Seven or eight miles south of Jerusalem (ten miles by car), atop a rounded hill stands Herodium (or Herodion), the fortress of King Herod the Great. (Herod the Great is not to be confused with other Herods that appear in the Bible during the ministry of Christ and His apostles.) Herodium was a splendid place, with gardens and a huge pool on the grounds below, and a stately palace enclosed by the fortress above.

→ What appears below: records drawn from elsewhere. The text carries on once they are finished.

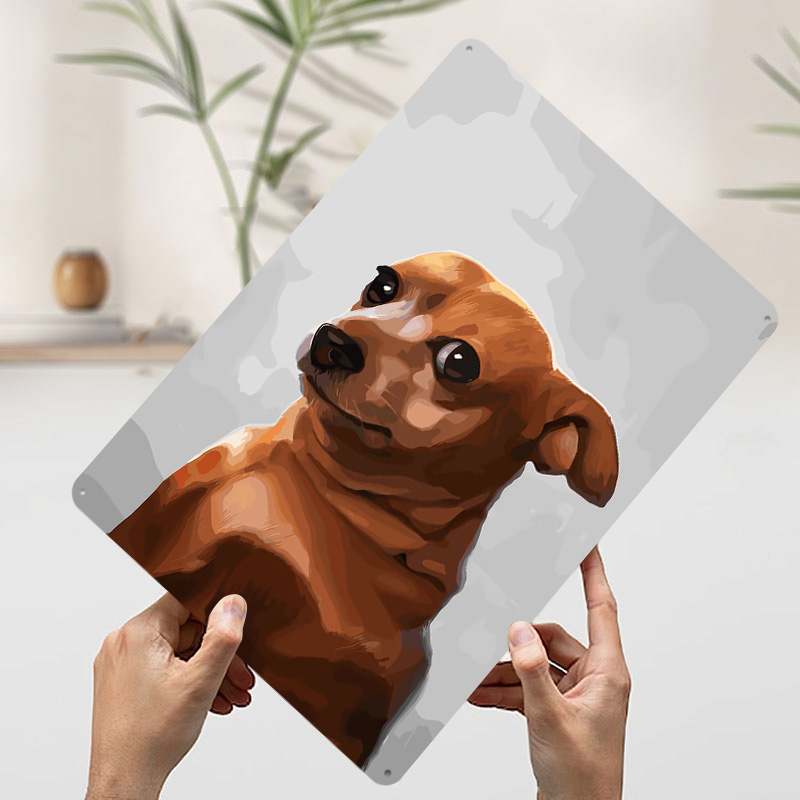 Brown Dog Portrait Poster Retr - огляд і ціна Retro Gaming Bar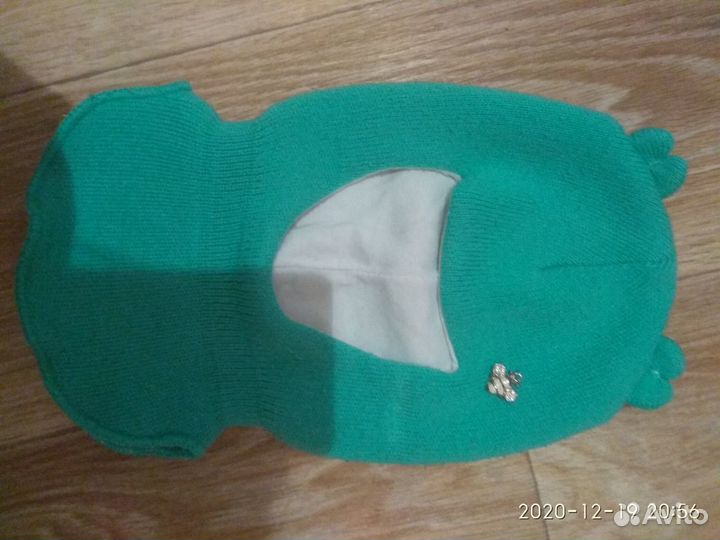 Шапка шлем осень-весна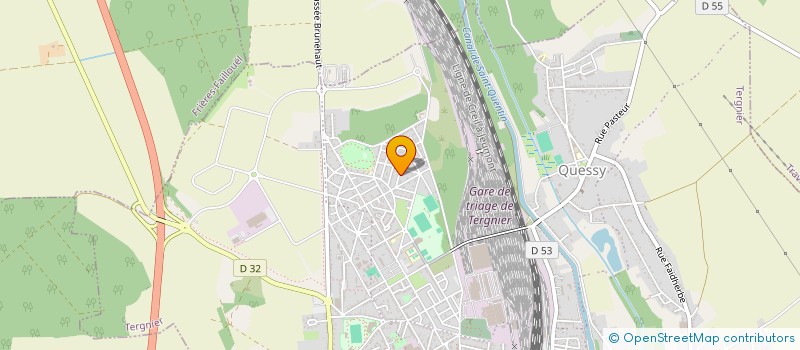 localisation de l'entreprise LA COCO FAMILY  TERGNIER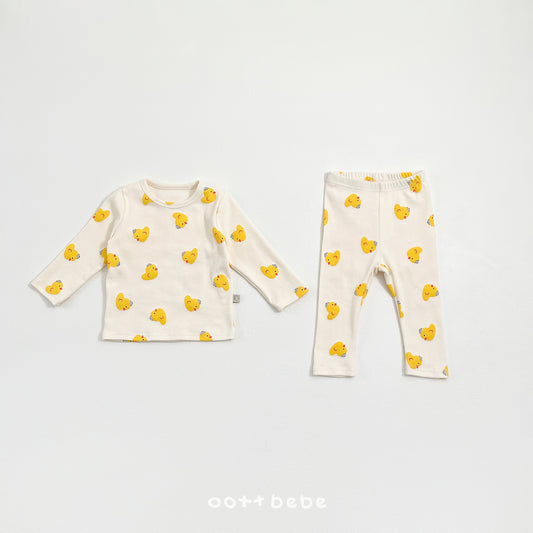 (Pre-order) OOTTBEBE Spring - Picnic Cotton Pajama Set 나들이실내복 (4 Colors)
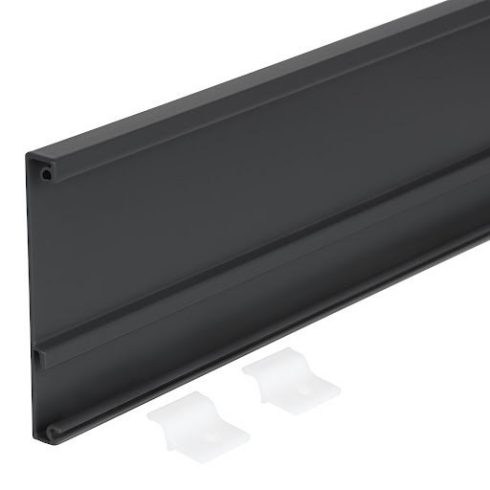 Riex ND30: Belső fiók kiegészítők, előlap, 1200 mm, sötétszürke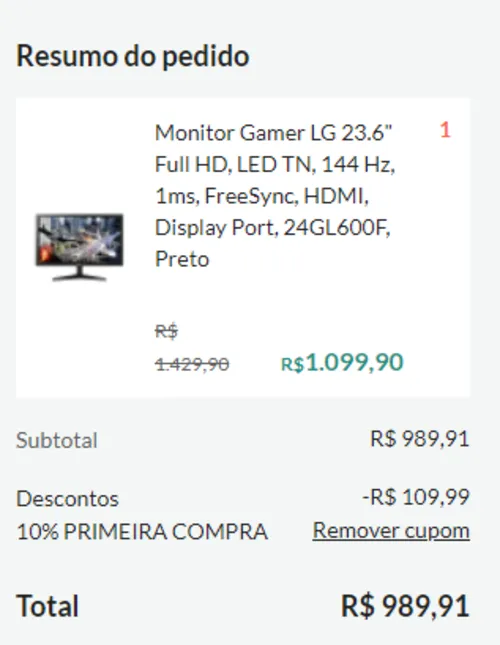 Imagem na descrição da promoção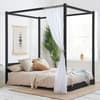 Darwin Black Wooden Poster Bed Frame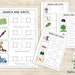 CVC Words Printable Homeschool Worksheets Learn to Read Pre-k ...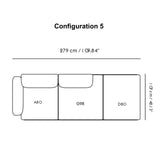 In Situ Modular Sofa: 3 Seater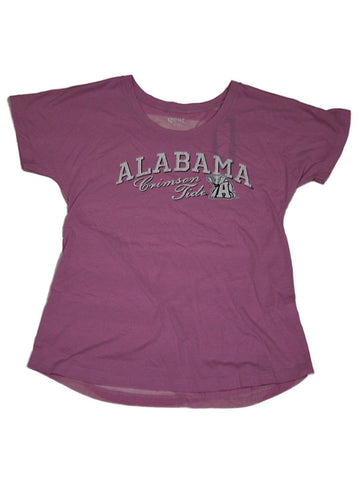 Alabama Crimson Tide Gear for Sports Women Pink Lightweight Soft T-Shirt (M) - Sporting Up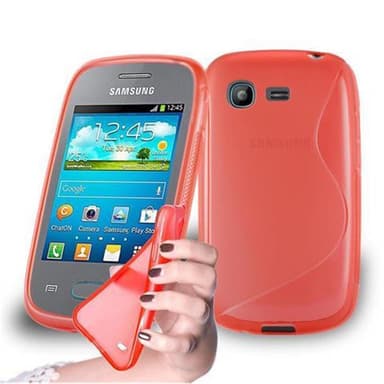 Samsung Galaxy POCKET Suojakuori Cover (Punainen)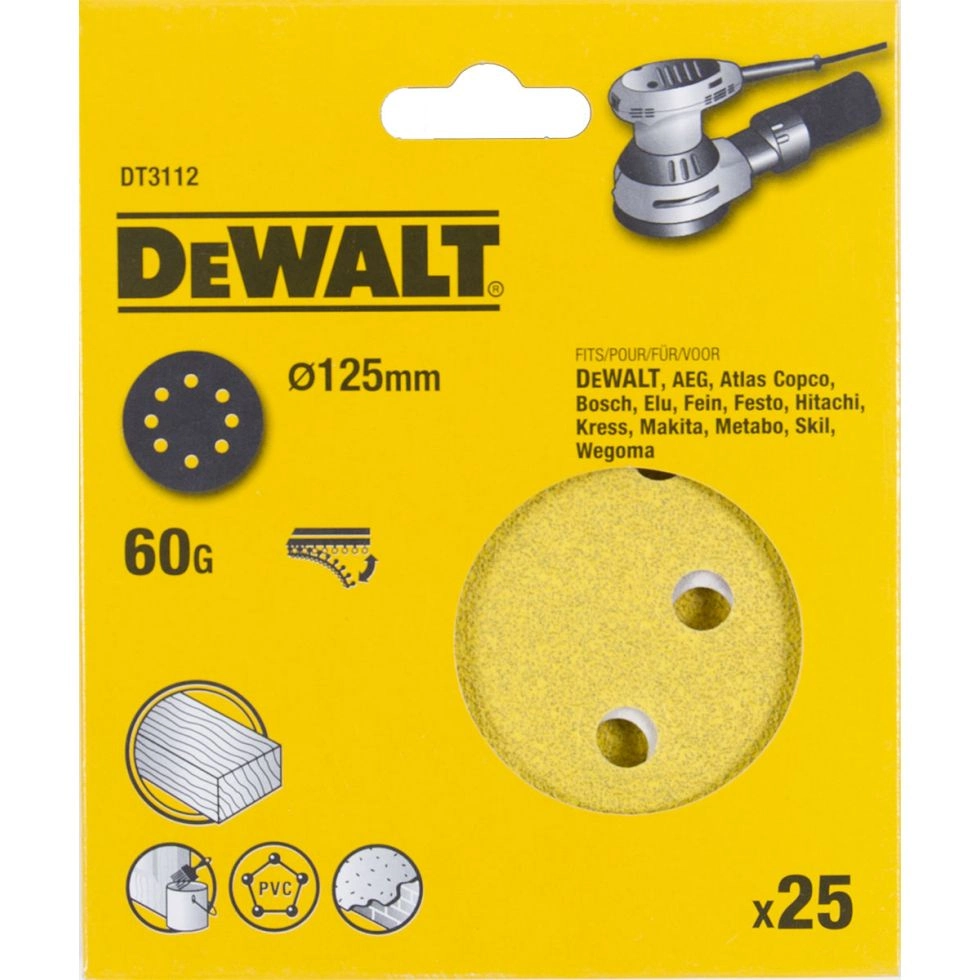 DEWALT DT3112 125 8 60G 25 3112 DeWALT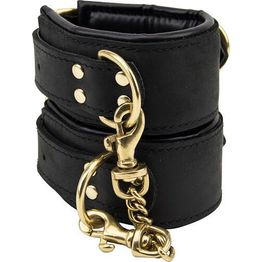 Bound Noir Nubuck Leather Slim Wrist Cuffs alternative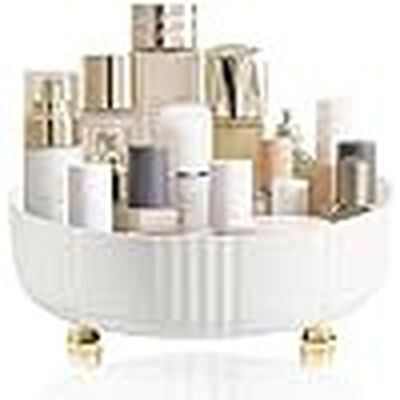 A VIDA4U Organizador de Maquillaje Giratorio 360 &deg;, Vitrinas Giratorias para el Cuidado de la Piel y Cosm&eacute;ticos, y Soporte para Perfumes, Gran Caja de Almacenamiento para Ba&ntilde;o y Dormitorio.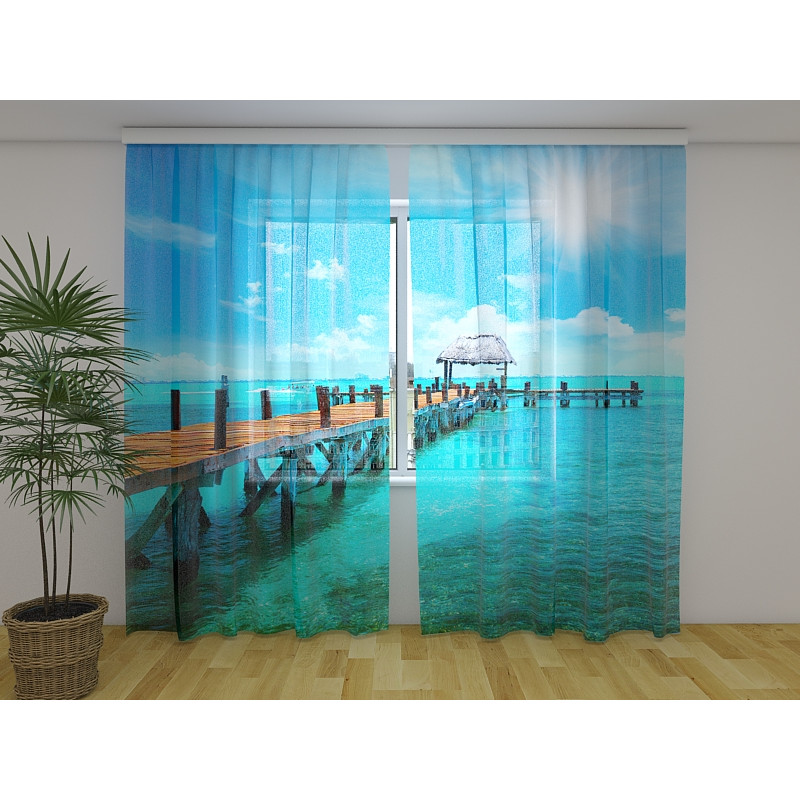 1,00 €Tenda personalizada - Cais no mar do México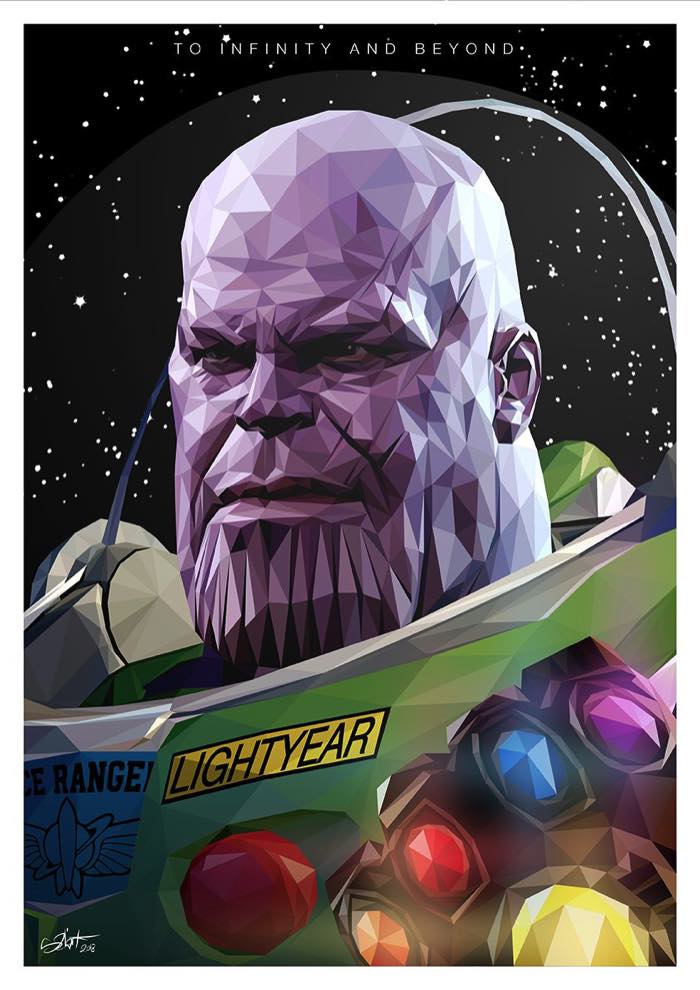 700x990 Thanos And Buzz Lightyear Become One In This Vector Art Mashup
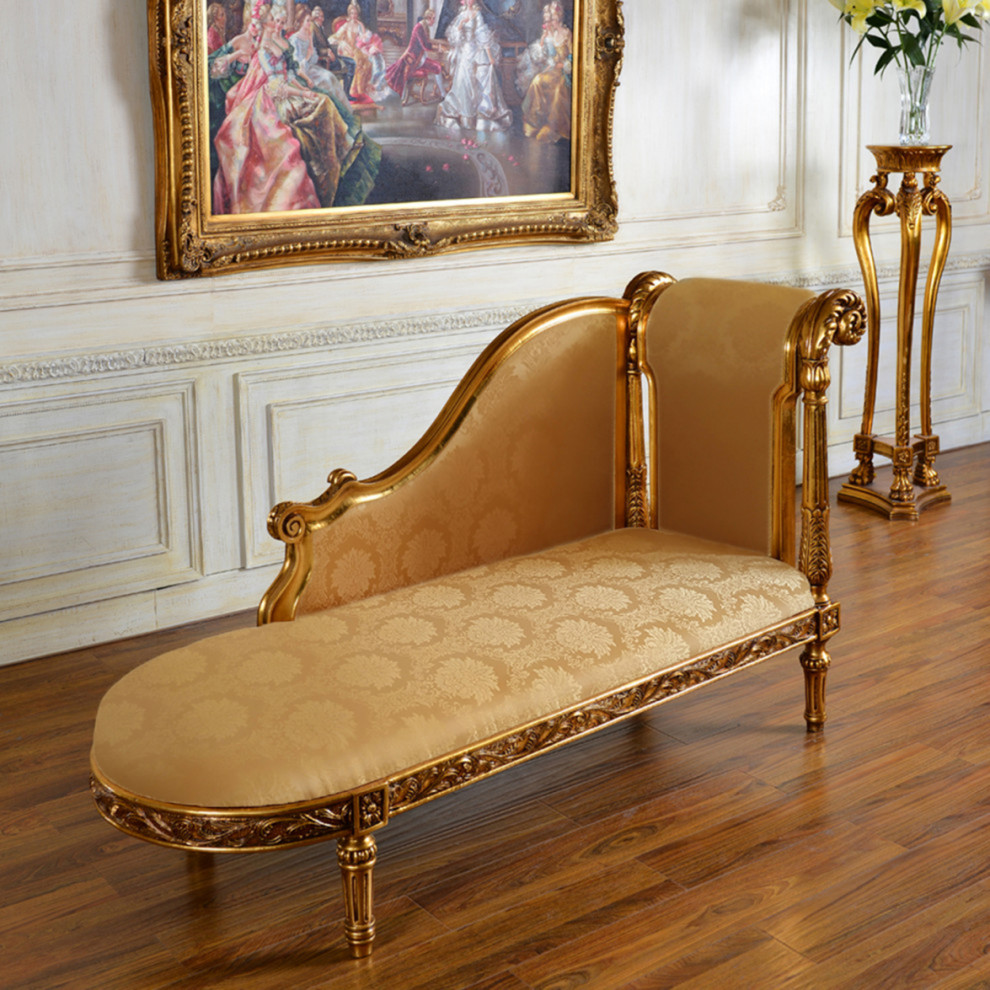 Aurora Chaise Lounge   Victorian   Indoor Chaise Lounge Chairs   by Infinity Furniture  Houzz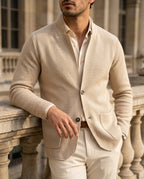 Arthur Stand Collar Button Cardigan Sweater for Men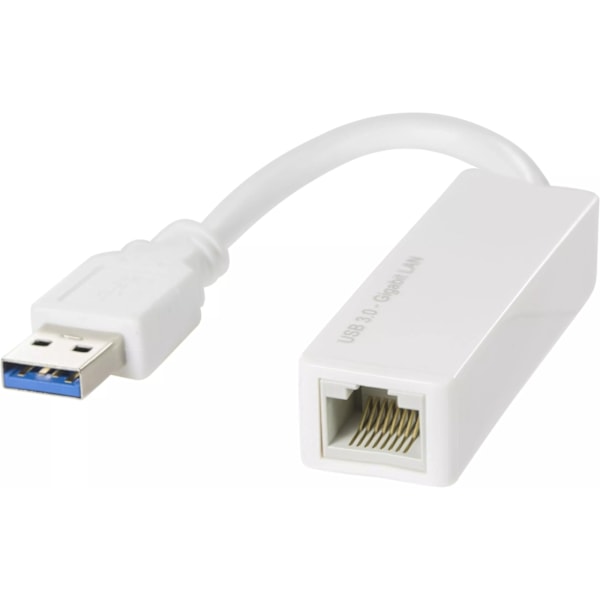 DELTACO USB 3.0 netværksadapter med internt flash-hukommelse, Gigabit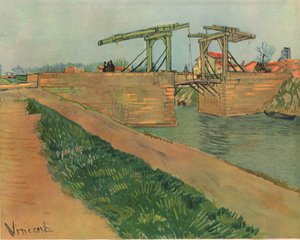 Drawbridge, mars 1888, 1947. av Vincent van Gogh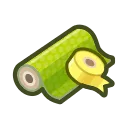 chartreuse wrapping paper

Though Herod the Great constructed beautiful buildings, such as the temple and Herodium, he was not a beautiful person. The 1906 Jewish Encyclopedia says, “He was prepared to commit any crime in order to gratify his unbounded ambition.” This included murdering one of his wives, three of his sons, and two rabbis. In his final days, he ordered that when he died a number of prominent Jewish leaders should also be murdered so that there would be national mourning at Herod’s death—but this order was not carried out.
In the Bible, Herod the Great is particularly known for his response to the visit of the wise men from the east (Matt. 2:1–18). The account is a striking contrast between two kings. On the one side is King Herod, an old man living in pomp and power, yet paranoid about his kingdom. He is not of the house of Israel, but a foreigner with no rights to the throne. When the wise men appeared asking about the birth of the promised King of Israel, Herod first responded with trickery to try to locate the boy, and when that failed he murdered all the male children age two and under of the region of Bethlehem—given the size of the town, perhaps twenty or thirty precious children. He was a liar and a murderer, like the devil (John 8:44).
On the other hand is the true King of the Jews. He is the Son of Abraham, the greater Isaac, born miraculously not of an old woman but of a virgin (Matt. 1:1, 18, 20). He is the Son of David, the rightful and promised King (Matt. 1:1). His birth fulfills God’s promises (Matt. 2:6). He is no mere man, but Immanuel, God with us in the flesh (Matt. 1:23). Wise men worship Him and bring Him costly offerings with great joy (Matt. 2:10–11). He is no murderer, but He saves His people from their sins (Matt. 1:21). He did not come in pomp and power, but in humility, forced to flee for His life at an early age, and one day was nailed to the cross for our sins. What a King! What a Savior! Yet today He reigns in a palace a million times more beautiful than Herodium ever was, and if we serve Him we shall reign with Him there forever.